= Your instructions =
Please print every record below exactly as it appears, but leave out the pictures.

[Short web captions]
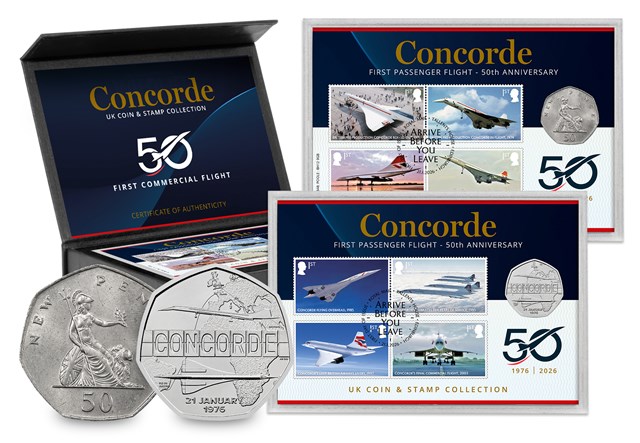 Concorde 50Th Anniversary UK Coin And Stamp Collection Product Mockup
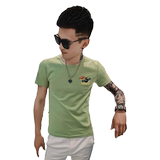 2025夏季男短袖t恤半袖潮流体恤修身网红衣服潮牌百搭绿AT30-P35，男装T恤，电商A270
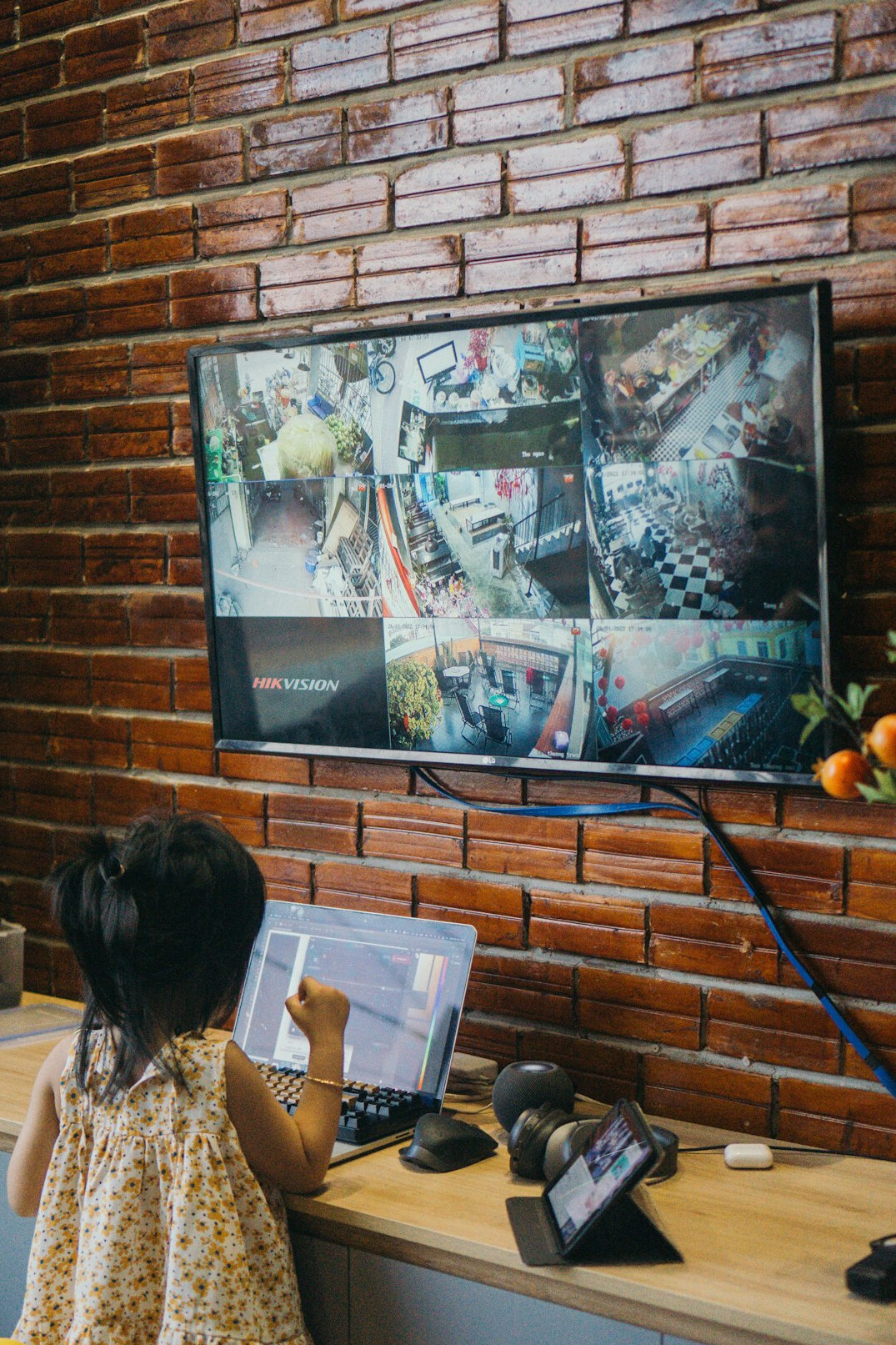security monitor with multiple camera feeds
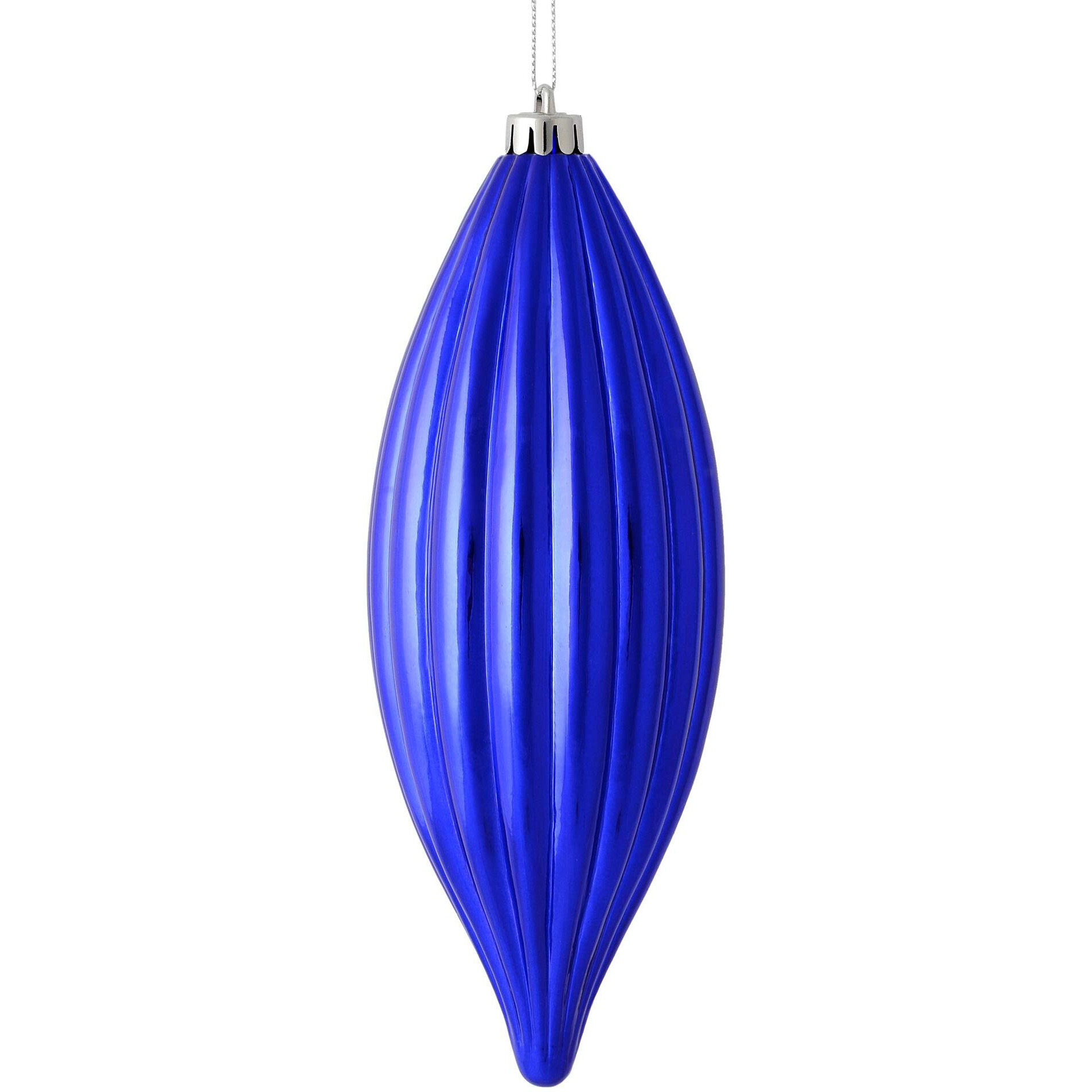 Vickerman 8" Shiny Line Finial Ornament, Shatterproof Plastic, Holiday Christmas Tree Decoration, 4 Pack, Purple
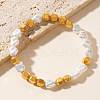 Mother's Day Jewellery Bohemian Style Natural Pearl & Electroplated Synthetic Non-magnetic Hematite Stretch Beaded Bracelets for Friends and Besties UB6444-4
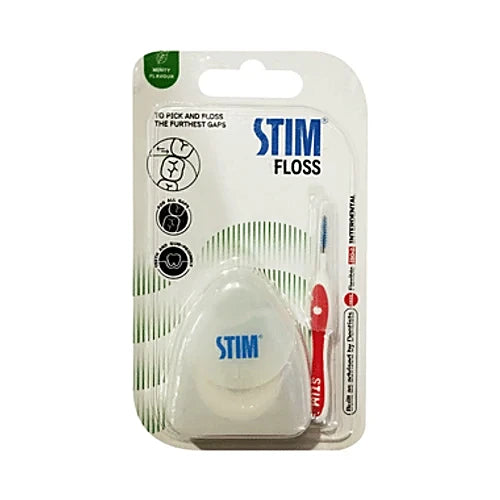 Stim Minty Flavour Dental Floss with Interdental Brush, showing the floss package with mint flavor branding and interdental cleaning features.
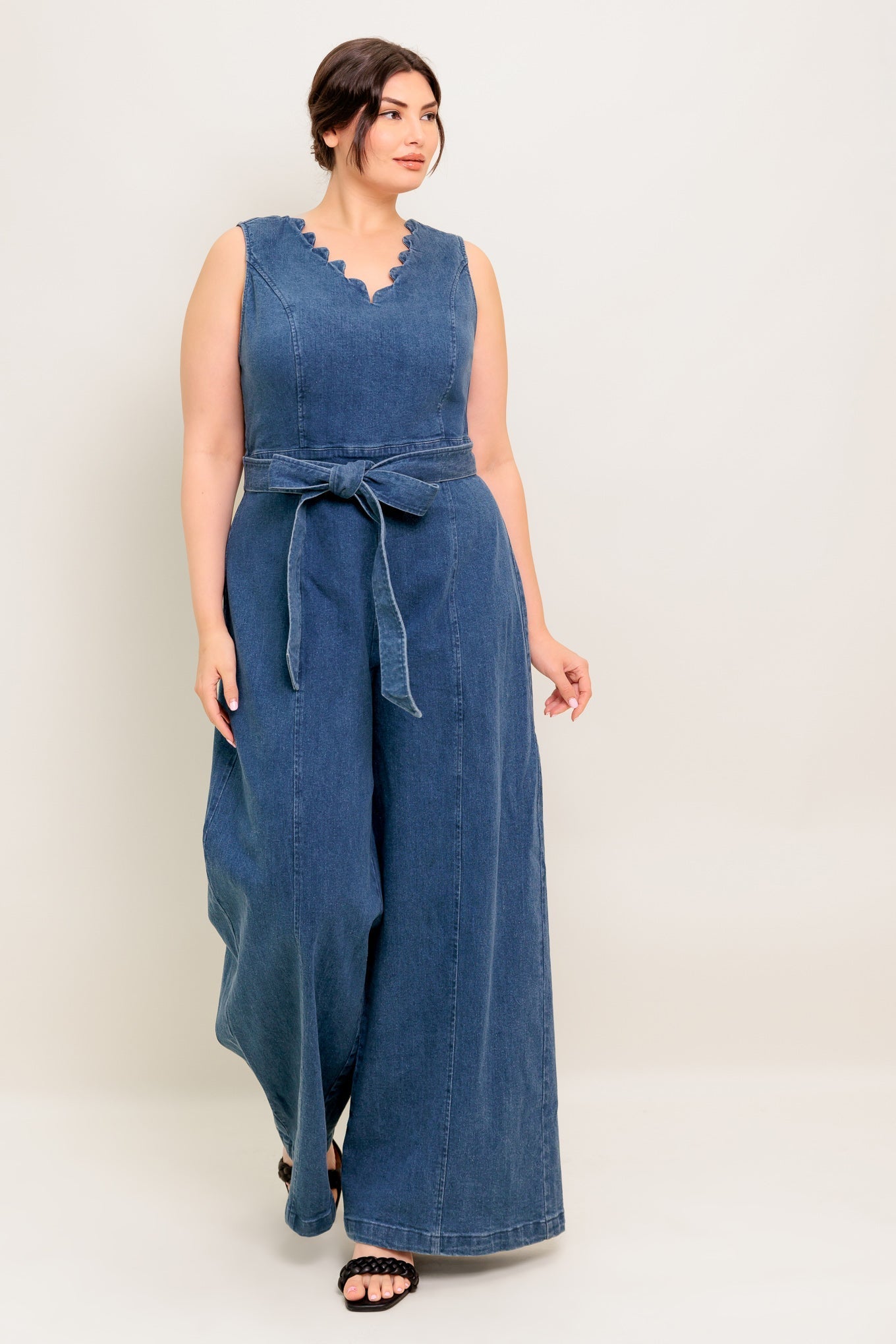 WHERE THE NIGHT MEDIUM INDIGO DENIM JUMPSUIT Flying Tomato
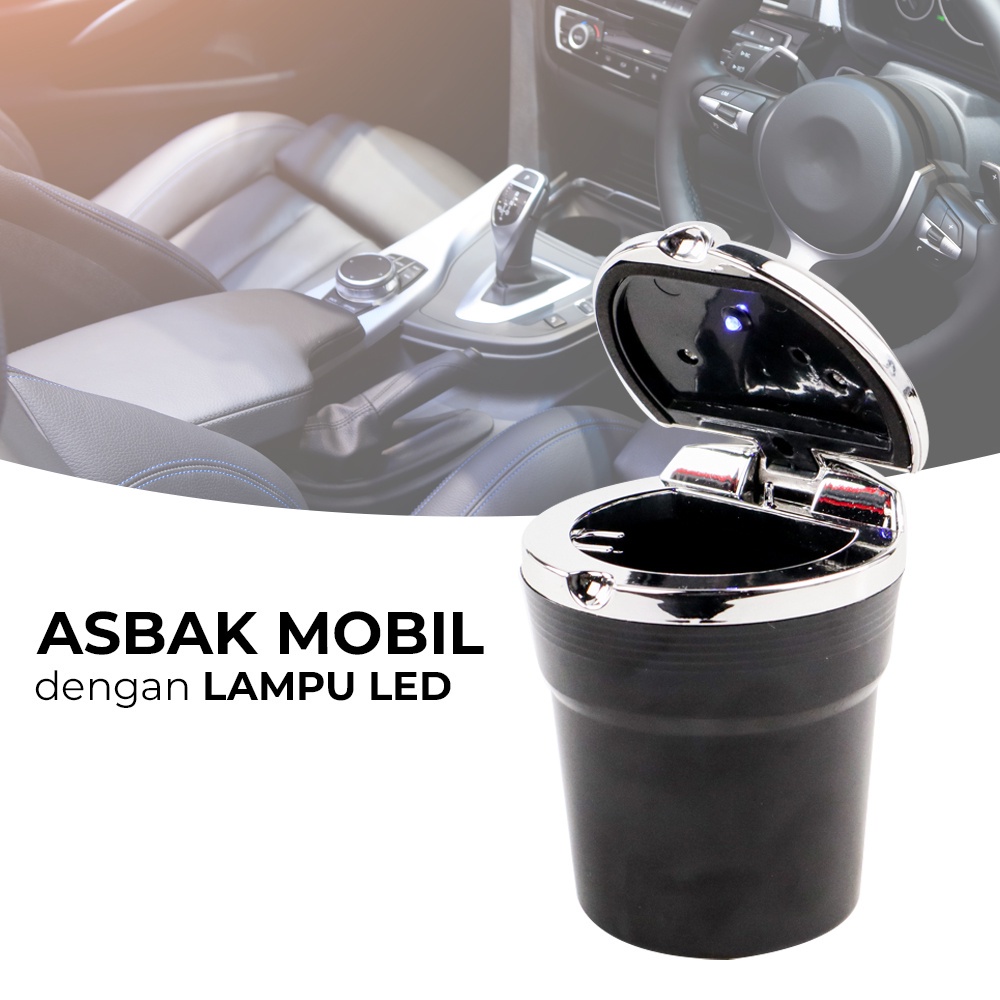 ASHIRAY Tray Asbak Mobil dengan Lampu LED - JC-331 - Black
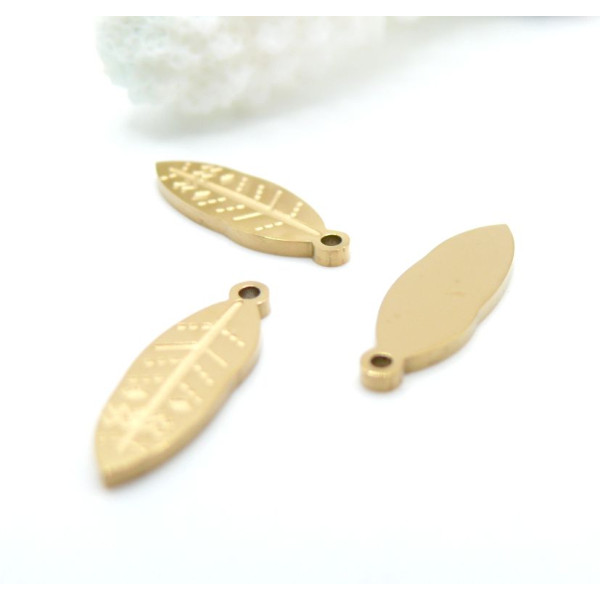 Pendentifs Feuille 16 mm – Acier Inoxydable 304 Doré à l'or fin 18K, IONIQUE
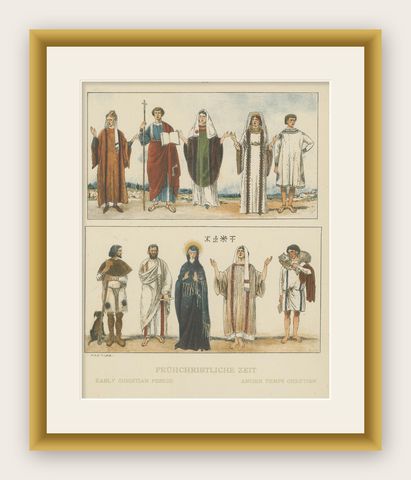 Early Christian Period Costume Plate, Antique Hand-Colored Print c.1880, shown framed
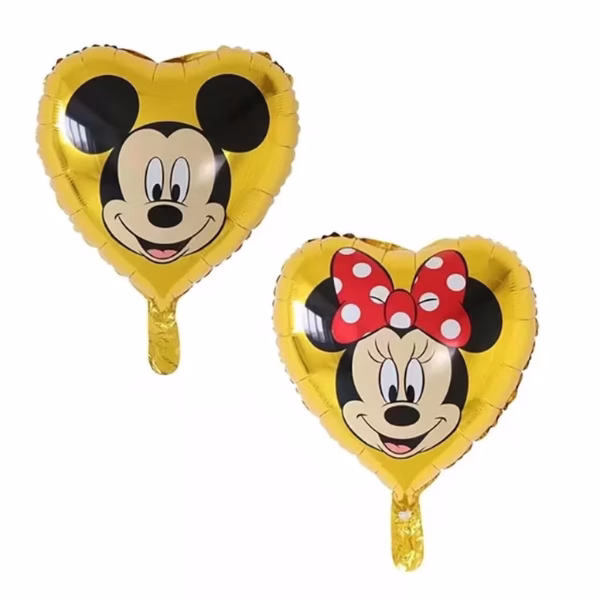 Balon din folie in forma de inima de culoare aurie cu design fata-verso prezentand pe o parte chipul lui Mickey Mouse zambind iar pe cealalta chipul lui Minnie Mouse purtand o funda rosie cu buline albe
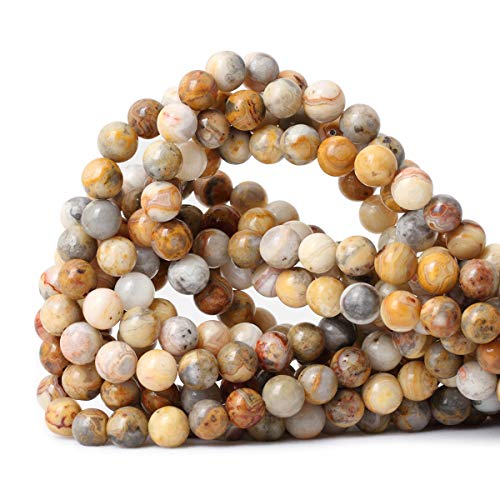45PCS 8mm Natural Yellow Crazy Lace Agate Gemstone Round Loose Beads for Jewelry Making 1 Strand 15" - color: Yellow Crazy Lace Agate, size: 8mm 45pcs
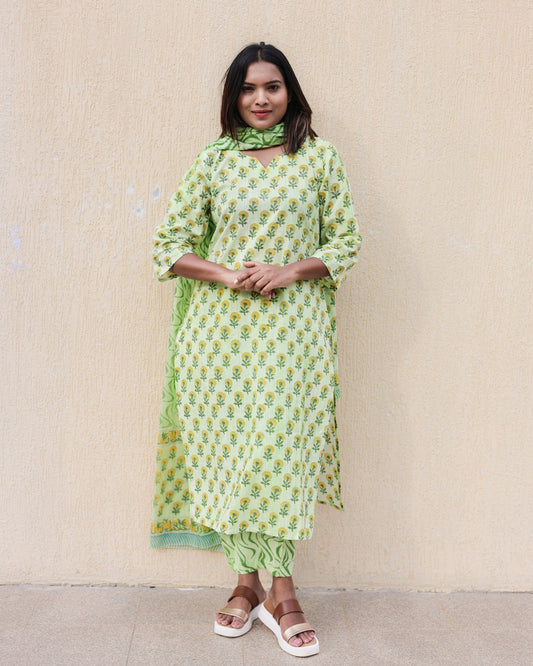 Vanya - Block printed cotton suit set
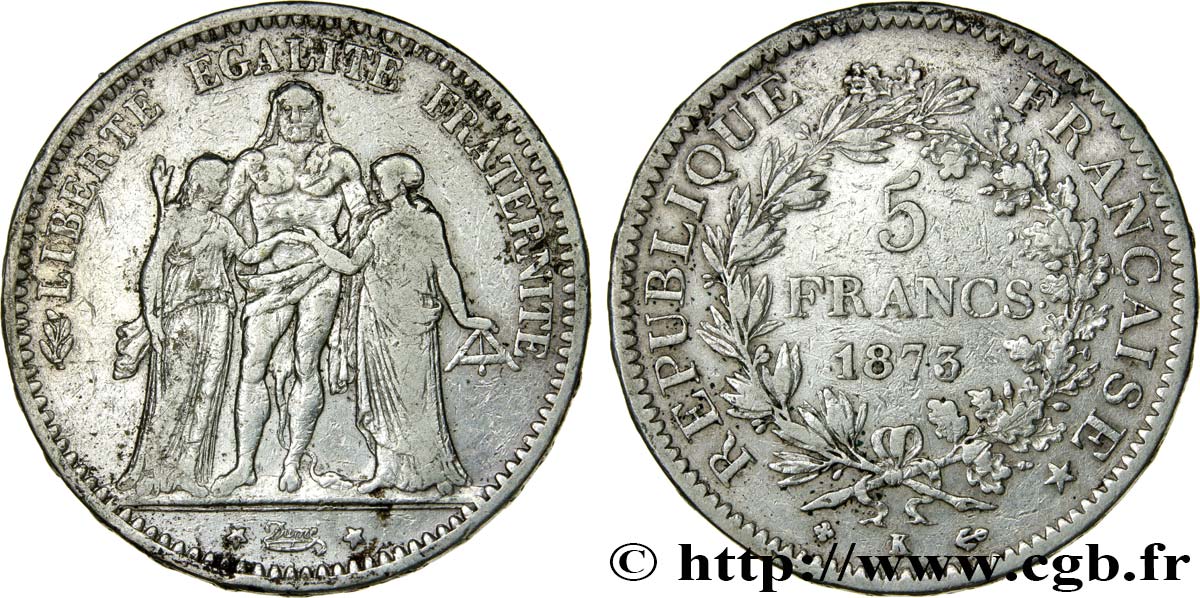 5 francs Hercule 1873 Bordeaux F.334/11 S25 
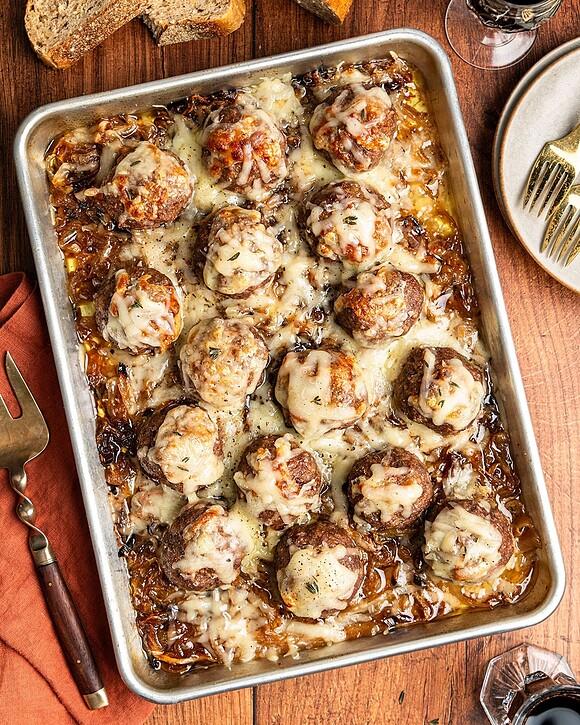 Sheet pan french onion meatballs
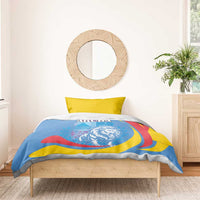 Aruba duvet set: blue bedspread with roaring lion graphic and ARUBA text, yellow pillow covers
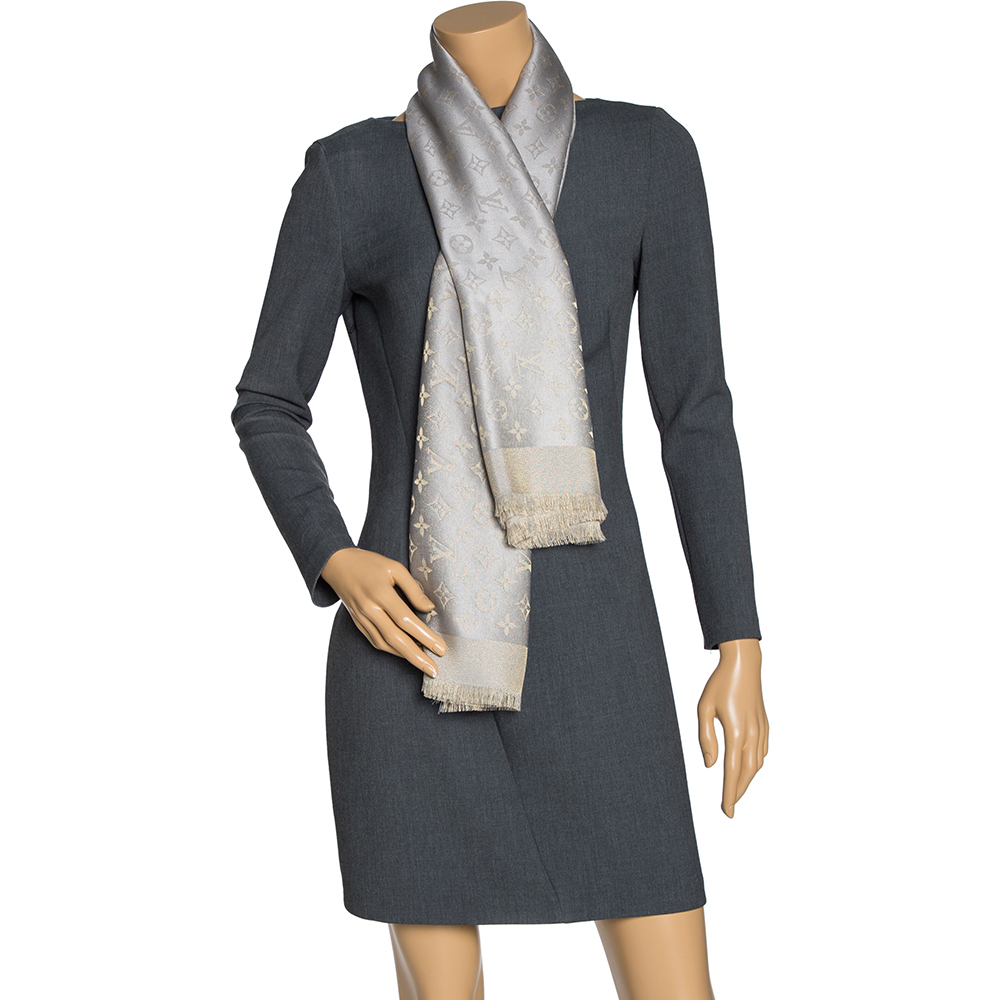 

Louis Vuitton Gold and Grey Monogram Shine Shawl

= Answer for this exercise =
 Concorde 50Th Anniversary UK Coin And Stamp Collection Product Mockup
 2025夏季男短袖t恤半袖潮流体恤修身网红衣服潮牌百搭绿AT30-P35，男装T恤，电商A270
security monitor with multiple camera feeds
 Vickerman 8" Shiny Line Finial Ornament, Shatterproof Plastic, Holiday Christmas Tree Decoration, 4 Pack, Purple
 Mother's Day Jewellery Bohemian Style Natural Pearl & Electroplated Synthetic Non-magnetic Hematite Stretch Beaded Bracelets for Friends and Besties UB6444-4
 Stim Minty Flavour Dental Floss with Interdental Brush, showing the floss package with mint flavor branding and interdental cleaning features.
 WHERE THE NIGHT MEDIUM INDIGO DENIM JUMPSUIT Flying Tomato
 ASHIRAY Tray Asbak Mobil dengan Lampu LED - JC-331 - Black
 Pendentifs Feuille 16 mm – Acier Inoxydable 304 Doré à l'or fin 18K, IONIQUE
 Early Christian Period Costume Plate, Antique Hand-Colored Print c.1880, shown framed
 Balon din folie in forma de inima de culoare aurie cu design fata-verso prezentand pe o parte chipul lui Mickey Mouse zambind iar pe cealalta chipul lui Minnie Mouse purtand o funda rosie cu buline albe
45PCS 8mm Natural Yellow Crazy Lace Agate Gemstone Round Loose Beads for Jewelry Making 1 Strand 15" - color: Yellow Crazy Lace Agate, size: 8mm 45pcs
 Vanya - Block printed cotton suit set
 5 francs Hercule 1873 Bordeaux F.334/11 S25 
 Sheet pan french onion meatballs
 Aruba duvet set: blue bedspread with roaring lion graphic and ARUBA text, yellow pillow covers

Louis Vuitton Gold and Grey Monogram Shine Shawl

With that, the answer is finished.